____ Task input
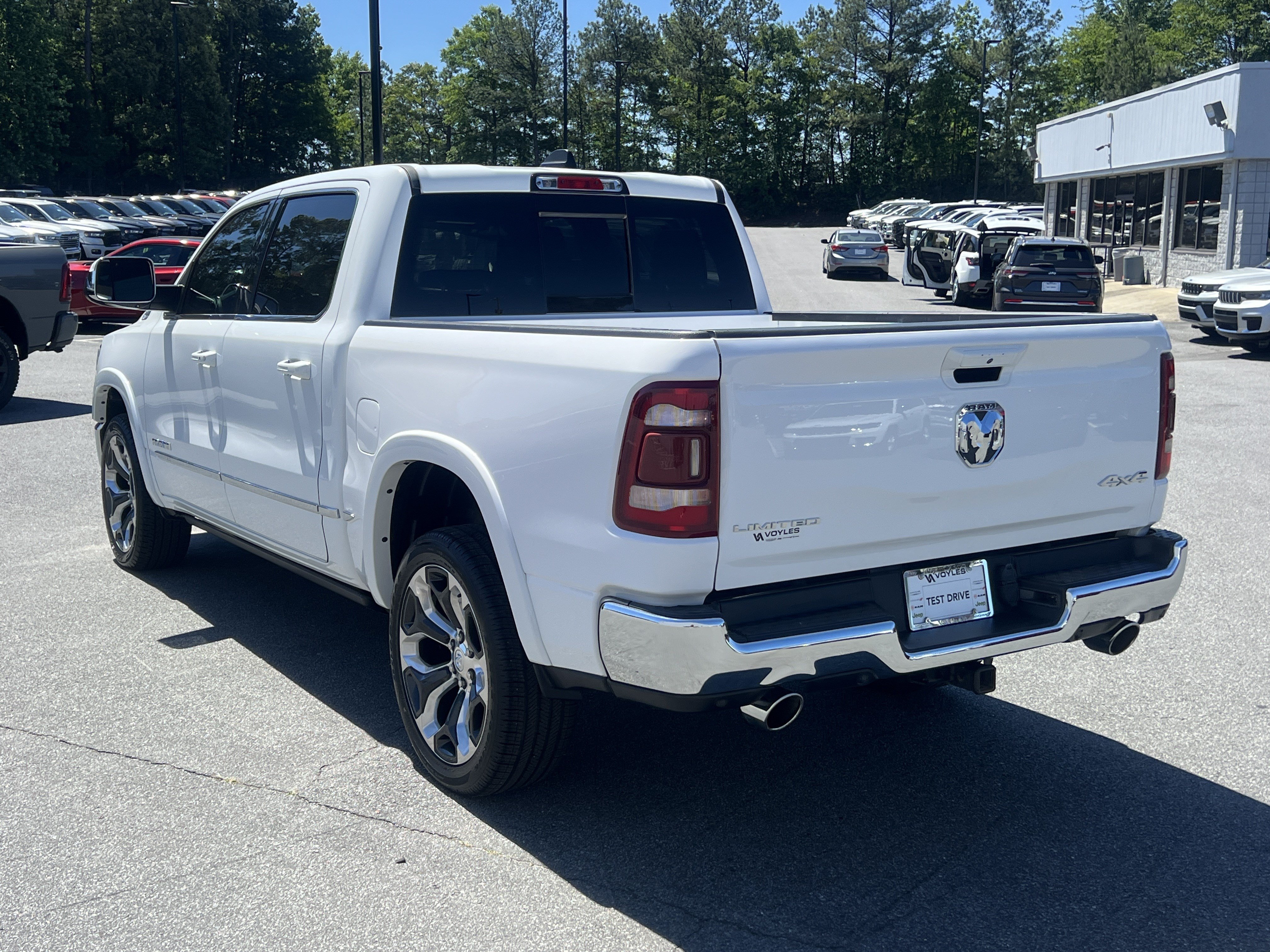 Used 2023 RAM 1500 Limited AWD/4WD image 6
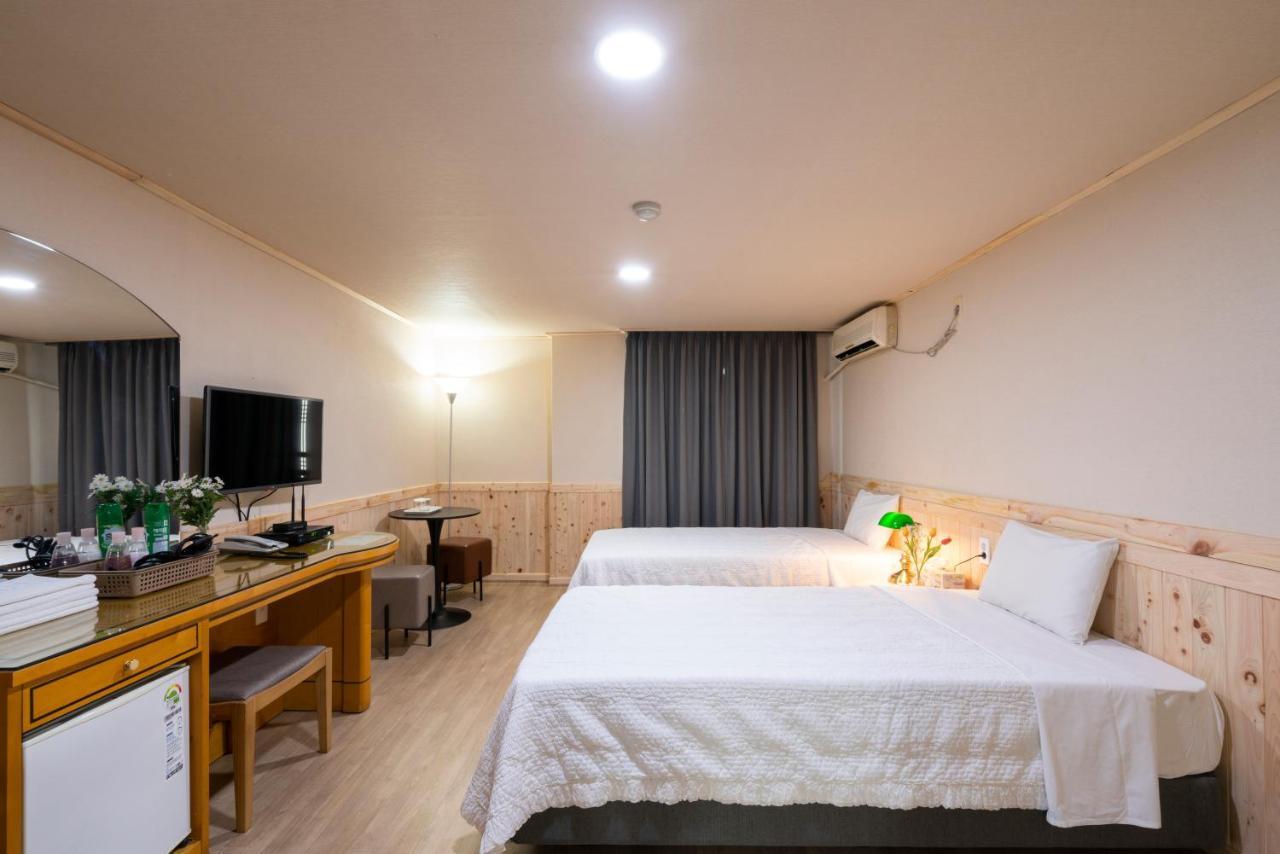 New Jeju Hotel Bagian luar foto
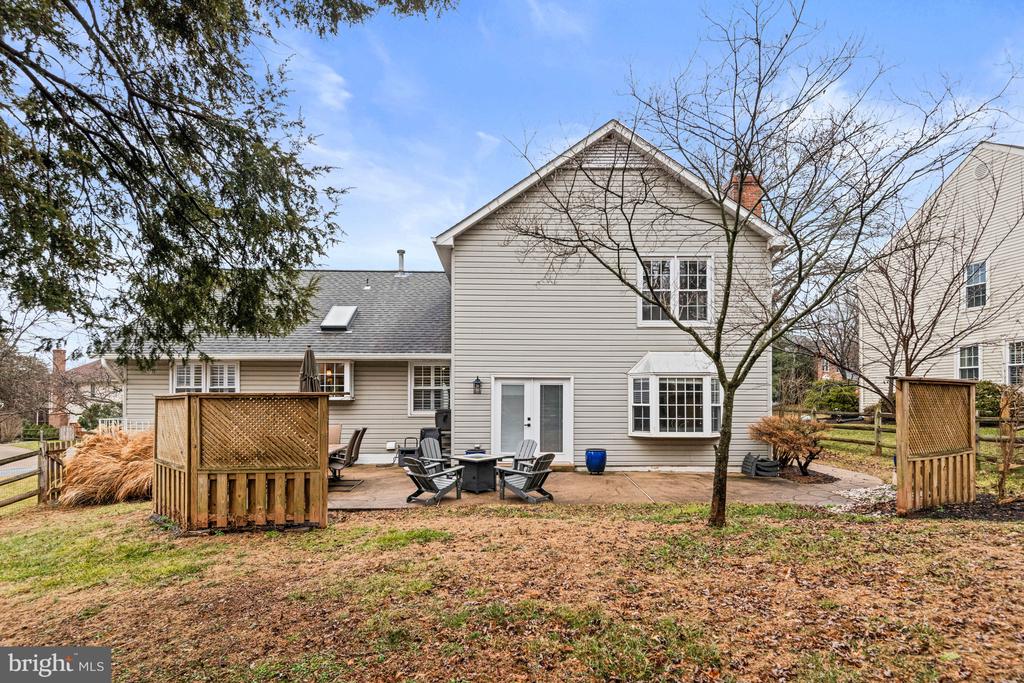5200 HONEYSUCKLE COURT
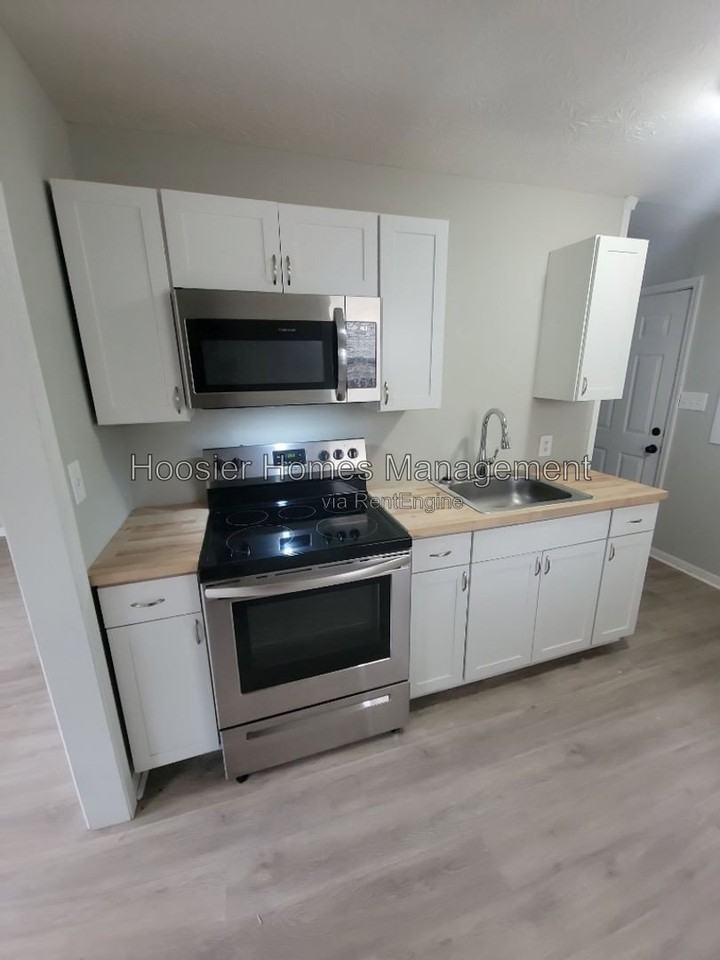 1933 N Euclid Ave - Photo 4 of 11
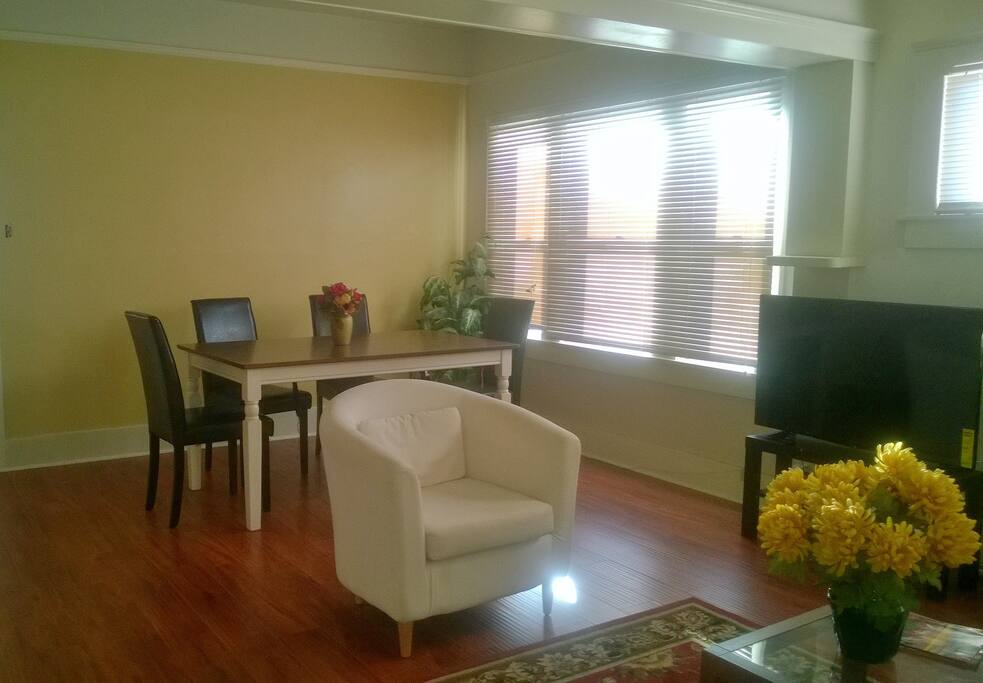 Comfy dining area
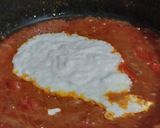 A picture of step 2 of Tinday gosht.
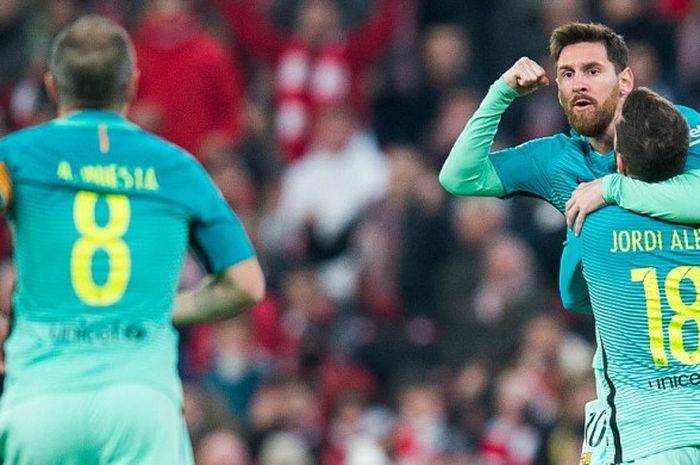 Ikon FC Barcelona, Lionel Messi (kedua dari kanan), merayakan gol yang dia cetak ke gawang Athletic Bilbao dalam laga pertama babak 16 besar Copa del Rey di Stadion San Mames, Bilbao, Spanyol, 5 Januari 2017.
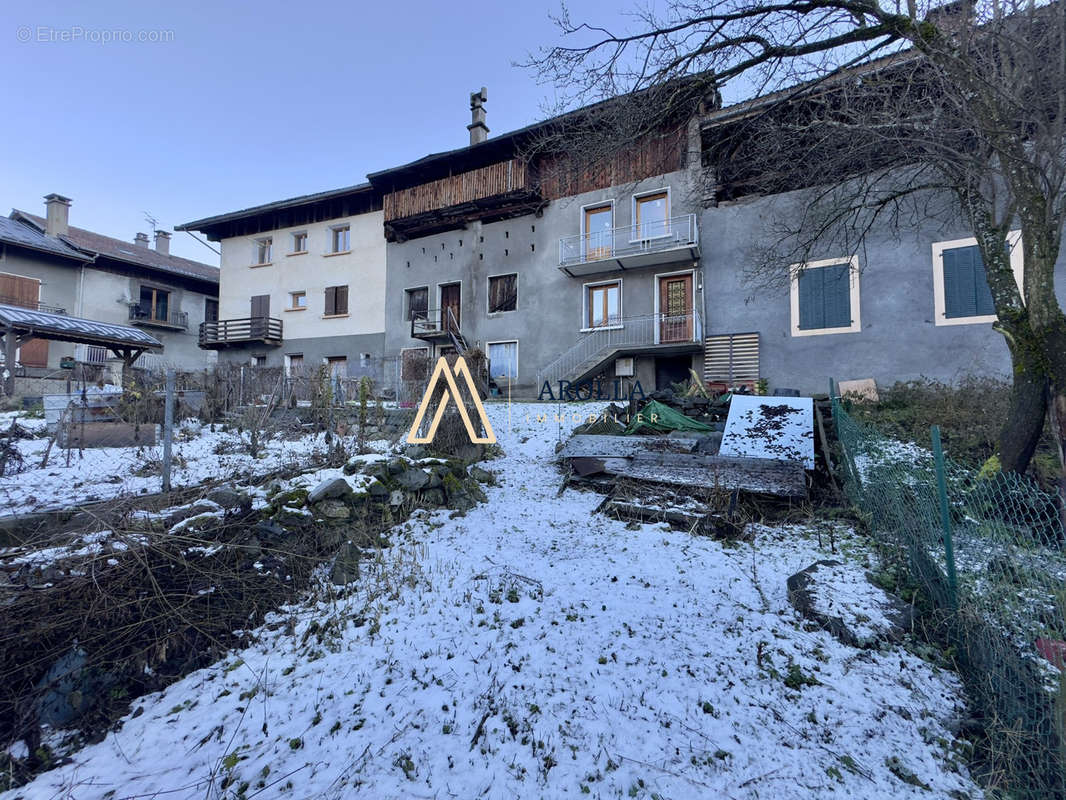 Maison à LA COTE-D&#039;AIME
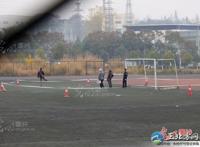 三峡大学昨发命案 传女子割喉身亡男子跳楼自杀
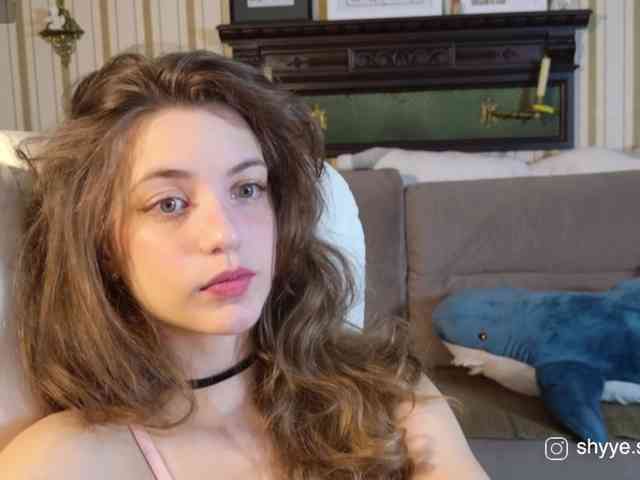 SarahShy webcam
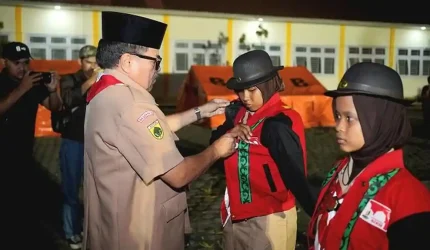 Bupati TRK Minta Kontingen Pramuka Nagan Raya Promosikan Masjid Giok di Jambore Nasional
________
What you should do =>
Make an exact copy of every record, pictures excluded.

Response to this task =>
 Used 2023 RAM 1500 Limited AWD/4WD image 6
 New Jeju Hotel Bagian luar foto
5200 HONEYSUCKLE COURT
 1933 N Euclid Ave - Photo 4 of 11
 Comfy dining area
 A picture of step 2 of Tinday gosht.
 Ikon FC Barcelona, Lionel Messi (kedua dari kanan), merayakan gol yang dia cetak ke gawang Athletic Bilbao dalam laga pertama babak 16 besar Copa del Rey di Stadion San Mames, Bilbao, Spanyol, 5 Januari 2017.
 Maison à LA COTE-D&#039;AIME
 三峡大学昨发命案 传女子割喉身亡男子跳楼自杀
 SarahShy webcam
 Bupati TRK Minta Kontingen Pramuka Nagan Raya Promosikan Masjid Giok di Jambore Nasional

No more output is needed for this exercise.